Warum schenkt man dann einem solchen
Thema so wenig Aufmerksamkeit, obwohl es von allgemeinem Interesse ist? Da jeder Einzelne von uns eines Tages zu jenem unbekannten
Ort fortgehen wird, was auch jeden Moment passieren kann, wäre zu erwarten, dass sich die Menschen dafür interessieren zu erfahren,
was aus ihnen wird, sobald dieser Moment eintritt. Aber warum ist dies oft nicht der Fall? Viele antworten, es liege an der Tatsache,
dass, falls es diesen Ort tatsächlich geben würde, die herkömmliche Wissenschaft ihn bereits ausfindig gemacht hätte. Daher ihre Gleichgültigkeit
gegenüber dem Thema mit den resignierten Worten: “Es wird geschehen, was geschehen soll.”

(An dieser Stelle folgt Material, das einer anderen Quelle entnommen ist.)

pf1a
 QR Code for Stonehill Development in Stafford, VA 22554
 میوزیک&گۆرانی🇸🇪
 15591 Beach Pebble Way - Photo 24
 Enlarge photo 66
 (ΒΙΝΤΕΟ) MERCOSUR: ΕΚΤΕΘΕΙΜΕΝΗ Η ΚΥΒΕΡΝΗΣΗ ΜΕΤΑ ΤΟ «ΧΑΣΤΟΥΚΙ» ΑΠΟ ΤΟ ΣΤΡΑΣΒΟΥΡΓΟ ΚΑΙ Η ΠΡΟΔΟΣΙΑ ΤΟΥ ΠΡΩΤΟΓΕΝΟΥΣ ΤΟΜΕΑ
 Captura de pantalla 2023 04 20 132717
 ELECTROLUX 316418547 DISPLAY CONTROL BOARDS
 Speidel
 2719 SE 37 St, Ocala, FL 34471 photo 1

Uns wird von klein auf gesagt, dass man an
diesem Ort glücklich oder unglücklich sein wird, je nachdem wie man auf der Erde lebte. Aber woraus bestehen dieses Glück und dieses
Unglück? Das Bild, das man sich von beidem macht, weicht normalerweise so sehr von unserer Vorstellung der Gerechtigkeit Gottes ab
und enthält so viele Widersprüche sowie unrealistische Darstellungen, dass man durch Ungewissheit oder sogar vollständigen Unglauben
ergriffen wird. Wie wird unsere Lage in der geistigen Welt sein? Werden wir dort konkrete oder abstrakte Wesen sein? Werden wir eine
Gestalt, ein Aussehen haben? Führen diejenigen, die dort glücklich sind, ein aktives oder ein müßiges Leben?
Die Menschen werden sich
erst für das Leben nach dem Tod interessieren, wenn sie darin keine abstrakte, sondern eine konkrete Tatsache sehen, die ihnen vernünftig
erscheint und sich nachweisen lässt. Sobald dies geschieht und sie außerdem erkennen, dass ihre Lage nach dem Tod die direkte Folge
ihrer Taten im irdischen Leben sein wird, werden sie sich unvermeidlich zum Überdenken ihrer Lebenseinstellung und ihres täglichen
Handelns ermutigt fühlen. Die Verbreitung solcher aufklärenden Erkenntnisse zählt zu den wichtigsten Zielen des Spiritismus.